*** Exercise data ***

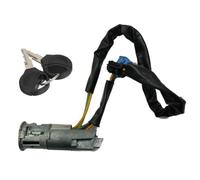 ProPlip Neiman Antivol de Direction Compatible avec 206 phase 1 206+ 4162Z1 N0501539 4162HK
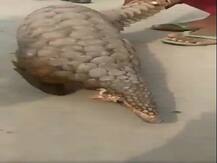 क्या पैंगोलिन का कोरोना वायरस इंसानों के बीच पहुंच सकता है? वैज्ञानिकों ने जताई ये बड़ी आशंका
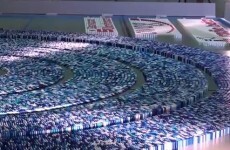 WATCH: Insane dominoes world record display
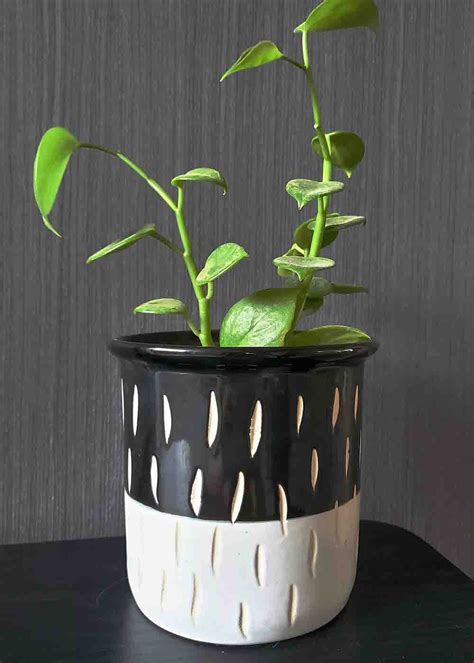 Get Handmade Onyx Black & White Ceramic Planter Pot at ₹ 899 | LBB Shop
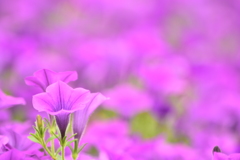 優しさに包まれて♡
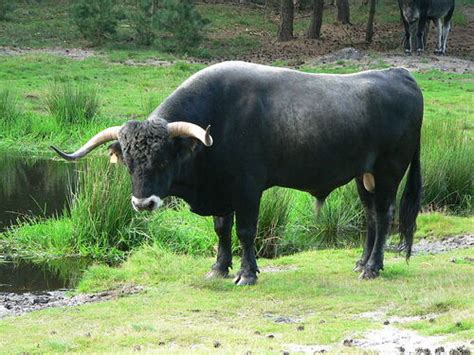 aurochs animal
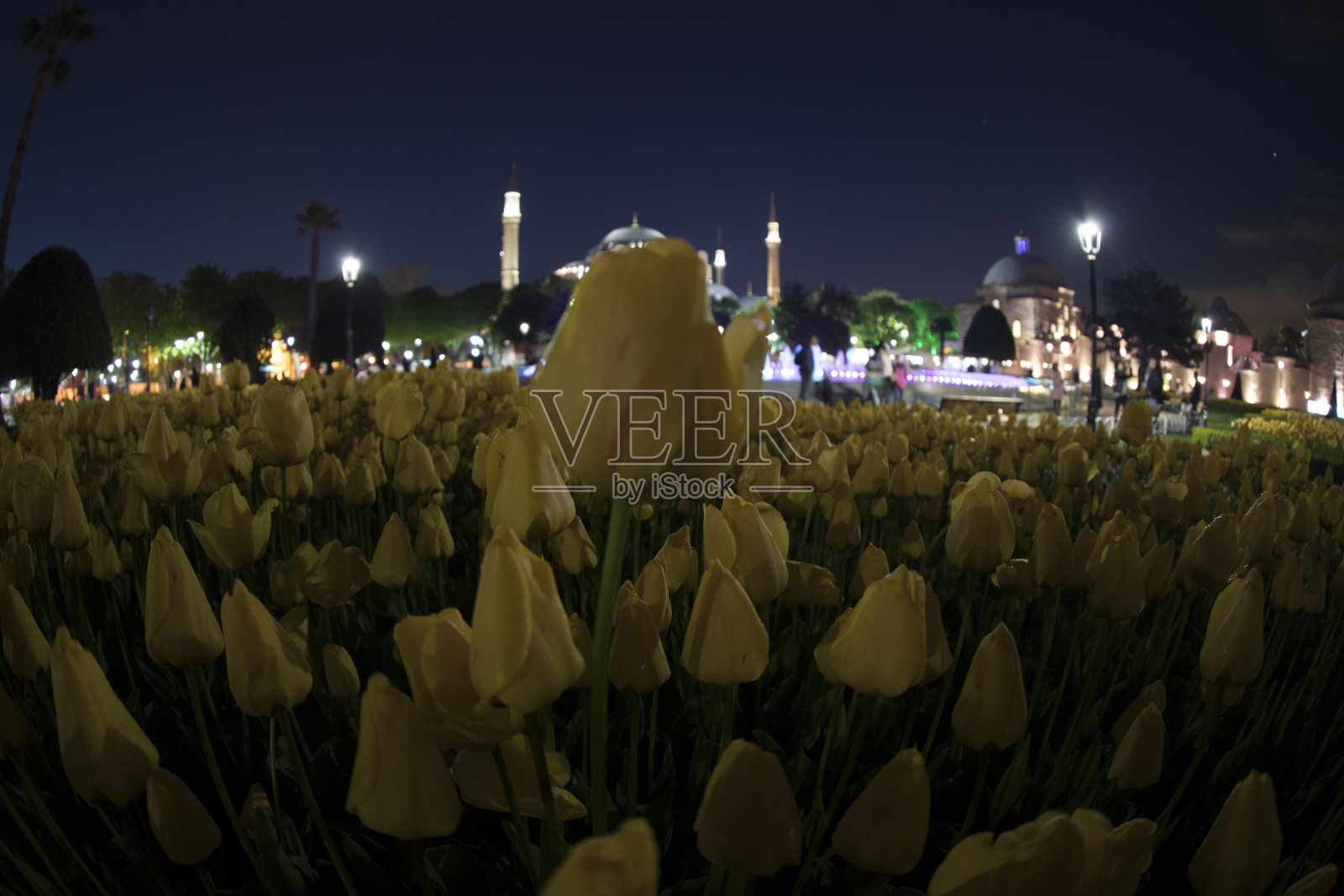 伊斯坦布尔苏丹艾哈迈德广场上的几何图案的郁金香地毯，上面是人。照片摄影图片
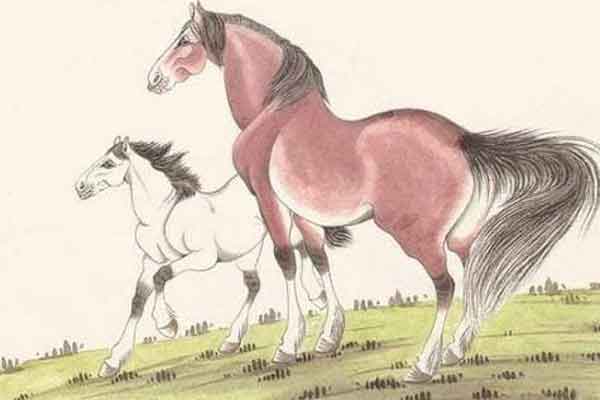 Tuần mới (31/1-5/2/2023): Thần tài phát lộc 3 con giáp trúng số, đổi đời sang trang giàu có-2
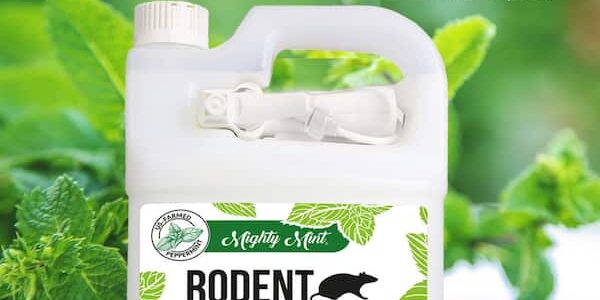 Where to Buy Peppermint Oil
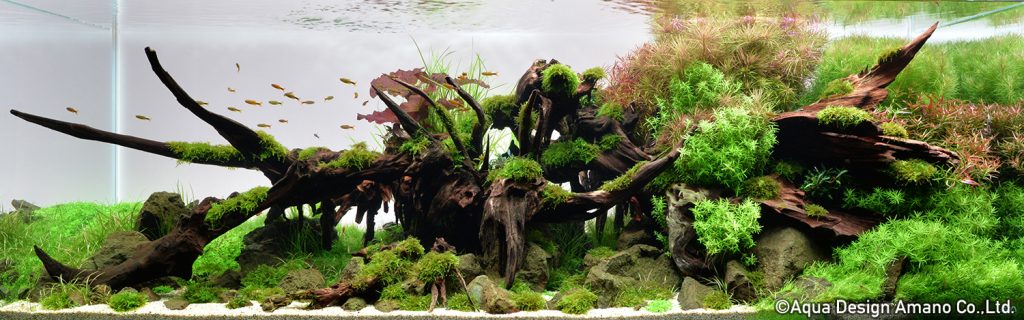 40 - TOP 100 IAPLC 2020 - Aquascape & Planted Tank Guide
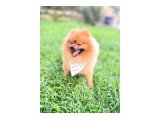 Uçanı Kaçanı Eşler :) 2 Yaşında Pomeranian Boo - 3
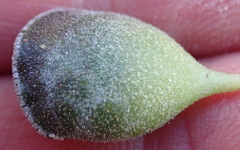 Adromischus cristatus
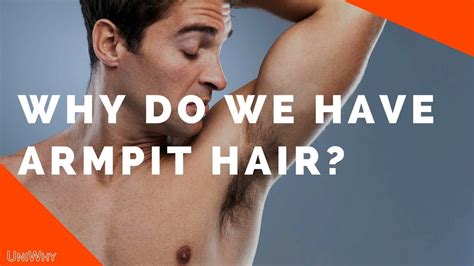 Why do we have armpit hair?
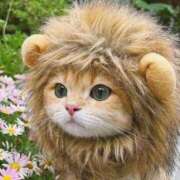 ヒメ日記 2025/12/17 21:25 投稿 ゆの 熟女の風俗最終章 蒲田店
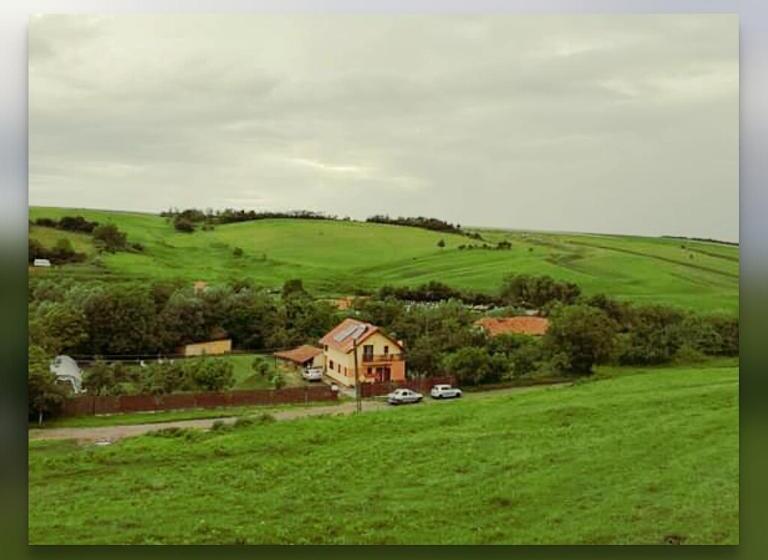 Pensiunea Casa Murani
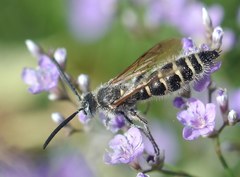 Colpa quinquecincta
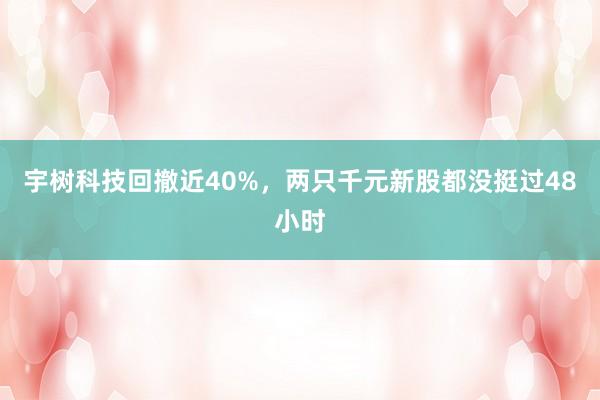 宇树科技回撤近40%，两只千元新股都没挺过48小时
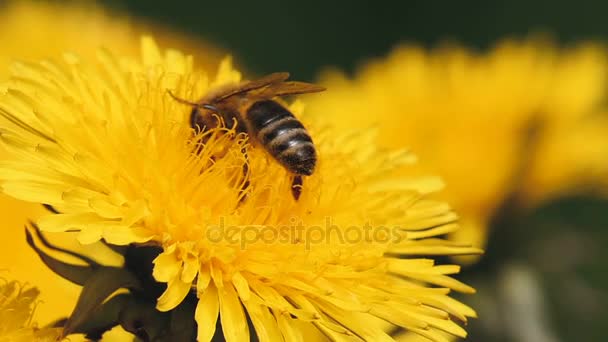 Abeille mellifère recueille du pollen sur un pissenlit jaune — Video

*** End of Exercise data ***

**The problem:** Return each record as written, minus its images.

**Reply:**
 ProPlip Neiman Antivol de Direction Compatible avec 206 phase 1 206+ 4162Z1 N0501539 4162HK
 क्या पैंगोलिन का कोरोना वायरस इंसानों के बीच पहुंच सकता है? वैज्ञानिकों ने जताई ये बड़ी आशंका
 WATCH: Insane dominoes world record display
 Get Handmade Onyx Black & White Ceramic Planter Pot at ₹ 899 | LBB Shop
 優しさに包まれて♡
 aurochs animal
 伊斯坦布尔苏丹艾哈迈德广场上的几何图案的郁金香地毯，上面是人。照片摄影图片
 Tuần mới (31/1-5/2/2023): Thần tài phát lộc 3 con giáp trúng số, đổi đời sang trang giàu có-2
 Where to Buy Peppermint Oil
 40 - TOP 100 IAPLC 2020 - Aquascape & Planted Tank Guide
 Uçanı Kaçanı Eşler :) 2 Yaşında Pomeranian Boo - 3
 Adromischus cristatus
 Why do we have armpit hair?
 ヒメ日記 2025/12/17 21:25 投稿 ゆの 熟女の風俗最終章 蒲田店
 Pensiunea Casa Murani
 Colpa quinquecincta
 宇树科技回撤近40%，两只千元新股都没挺过48小时
 Abeille mellifère recueille du pollen sur un pissenlit jaune — Video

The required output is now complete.